About Hostile Faction Threats

The Terminal's factions do not exist to be defeated in combat. They are political entities with goals, internal structures, and institutional interests that persist regardless of what happens in any single encounter. A party that destroys a Vigilant patrol has not weakened the Vigilants; it has given Commander Sawyer a documented grievance and a legitimate mandate to respond.

This file provides stat blocks for faction personnel at multiple tiers: the individuals the party is most likely to encounter in an adversarial context, organized by role rather than by faction. The same Enforcer profile applies to a Solis League enforcer and a Vigilant officer in a similar operational role, the mechanical difference is in their equipment and backing, not in their dice distribution.

Social profiles accompany each entry. Most faction confrontations have a social resolution pathway alongside the combat pathway. Faction personnel have morale, self-interest, and institutional obligations; they respond to leverage, negotiation, and demonstrated capability in ways that void entities do not.

Escalation: Defeating faction personnel has consequences. Each entry notes the faction's likely response to personnel losses and what the party should expect if they proceed through the tactical option rather than finding another path.

Category Overview: Common Traits

  • Faction personnel use standard equipment from AX.GAT.09.01–09.02 as appropriate to their role and faction
  • All faction personnel have morale; they will disengage when the tactical situation makes continued engagement irrational (typically when reduced to half their number, or when facing a threat significantly beyond their operational mandate)
  • Psionics applications (Emotional Read, Intent Scan) function fully against all faction personnel
  • Social resolution pathways exist for every entry; the GM should present these alongside the tactical option, not as a replacement for it

Threat Entries

Patrol Officer

Minion, Factional, Station-Origin

A standard-duty Vigilant officer, Oryx security guard, or equivalent faction security personnel on routine patrol. Competent, authorized, and backed by an institution, not a soldier, but not untrained.

Body: 2D Speed: 2D Wit: 2D

Health: 27 Defense: 2

Equipment: Service Pistol (2D+1, Close–Near), Tactical Vest (AV 1), Personal Comm

Attacks: - Service Pistol: Close–Near, 2D+1 damage - Baton Strike: Touch, 1D damage, non-lethal; target reduced to 0 HP from this attack is Incapacitated rather than dying

Special Abilities: - Backup Call: As a Quick Action, the officer calls for backup on their faction comm. Backup arrives in 1D+1 Turns (rolled secretly by GM). This is not optional, patrol officers are trained to call before engaging. - Institutional Authority: In a contested social situation, the officer's institutional backing grants +1D to Intimidation rolls against unaffiliated characters. This bonus does not apply against characters with equivalent faction standing.

Social Profile: Patrol officers respond to clearly superior force by backing down and calling for backup rather than dying. They respond to legitimate authority credentials (another faction's officer, a valid warrant, professional courtesy) with negotiation.
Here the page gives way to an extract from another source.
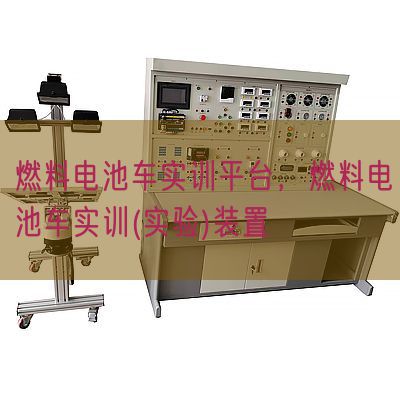 燃料电池车实训平台，燃料电池车实训(实验)装置(图1)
They do not respond to bribery; they note it and include it in their report.

Morale: Disengages when reduced to half or when backup is unavailable and the tactical situation is clearly unfavorable.

Escalation: A patrol officer who calls backup and is then defeated before backup arrives generates a Vigilant incident report. Two incidents in the same session creates a formal investigation. The party's faction standing takes damage proportional to the severity of the incident.

Deploy patrol officers as environmental texture, the presence that shapes what the party can do in a given section without direct confrontation. Most patrol encounters should resolve without combat. The stat block is for when they don't.

Tactical Response Team

Standard, Factional, Station-Origin

A four-person response unit, Vigilant tactical, Oryx security force, or equivalent, deployed to an active situation. Better equipped than a patrol officer, operating in coordinated formation, and responding to a call that told them to expect resistance.

This entry represents one member of the team; the team acts as a coordinated unit.

Body: 3D Speed: 2D Wit: 2D

Health: 33 Defense: 3

Equipment: Carbine (3D, Near, Two-Handed), Tactical Armor (AV 2), Encrypted Comm, Flash grenades (treat as: Close, no damage, all targets in Close range gain Distracted for one Turn; 2 per team)

Attacks: - Carbine: Near, 3D damage - Suppressive Fire: Near, 1D damage, targets all characters in a Near-range arc simultaneously; each target that takes damage gains Hindered until the start of the team member's next Turn - Tactical Breach: Touch, 2D damage, a coordinated close-quarters action; only available when two or more team members are within Touch range of the same target

Special Abilities: - Coordinated Unit: When three or more team members are active, each member gains +1D to all attack rolls. This bonus is lost when the team is reduced to two or fewer active members. - Secured Perimeter: At the start of the encounter (before the first Turn), the team has established a perimeter, two members hold entry points while two advance. The party cannot exit the encounter area without first defeating the members holding exit points or finding another route. - Faction Warrant: Tactical response teams are operating under formal authorization. Characters who resist a warranted team generate a legal record; characters who harm warranted team members generate criminal charges. Oryx-backed teams have civil authority; Vigilant teams have criminal authority. The distinction matters for what happens afterward.

Social Profile: Tactical teams respond to surrender and comply instructions if the party clearly cannot escape and has not yet committed violence. They will accept de-escalation from characters with appropriate faction standing (a Vigilant officer outranks a patrol team; a known Oryx senior contractor can contest an Oryx security deployment). They do not negotiate with characters who have already harmed team members.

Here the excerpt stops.